Men in Heels is No Laughing Matter at Domestic Violence Awareness Event

October 18, 2024
By: CCGA Web

By Terry Dickson of The Brunswick News terryldickson50@gmail.com

As he stood in red heels with his pants tucked into his socks, Glynn County Sheriff Neal Jump had one request for his audience.

“If I fall, please don’t laugh at me,’’ he said.

That was after he gave some sobering statistics at the Walk a Mile in Her Shoes event at College of Coastal Georgia where male law enforcement officers, faculty, students and others strode through the campus in uncomfortable women’s shoes.

Dr. Johnny L Evans Jr., interim president of the college, had similar sentiments.

“While it’s comical to watch most of these men struggle,’’ he said, “what we do here is serious.”

The day was set aside to honor those who have lost their lives to domestic violence and those who have survived.

Evans noted the college has a number of partners and mentioned Safe Harbor, a rape crisis center, that “raises up home and light to intervene” in the lives of others “at their darkest times.”

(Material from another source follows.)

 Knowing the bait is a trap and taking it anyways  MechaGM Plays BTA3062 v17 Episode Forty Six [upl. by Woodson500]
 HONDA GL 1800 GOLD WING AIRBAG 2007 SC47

Jump thanked the partners who provide services for victims of domestic violence, be it physical, psychological, emotional or isolation. In the past, when deputies responded to domestic violence calls, they often left without arresting anyone if, in the case of couples, the men and women went to separate houses, he said. But sometimes they got back together, Jump said, “and later someone would die.

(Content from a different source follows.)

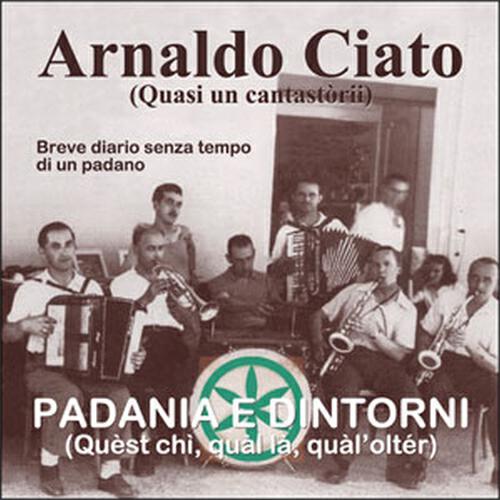 Релиз Padania e dintorni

Recent laws require police to take someone into custody in reports of domestic violence, which has saved lives, Jump said.

“It took all of you to make that happen,’’ he said.

Nationally, one in three women are abused daily, Jump said.

“As long as I’m sheriff, I’ll keep putting them in jail,’’ he said.

City Commissioner Felicia Harris noted there were more than 37,000 reported incidents of domestic violence in 2023.

Of the observance at the college, Harris said, “I don’t call it an event…Events end. This is a movement.”

Dottie Bromley, executive director of the Glynn County Community Crisis Center/Amity House, said there were 75 sex trafficking victims helped locally in 2023. In Georgia, 119 lost their lives to domestic violence in 2023, she said.

The men who had listened to the speeches in their sometimes painfully uncomfortable shoes walked an elongated loop from the Nunnally Building to the Student Center and back. Some were laughing at themselves as they took shorter than normal strides.

Some stood around and talked a few minutes afterward once back in their own shoes.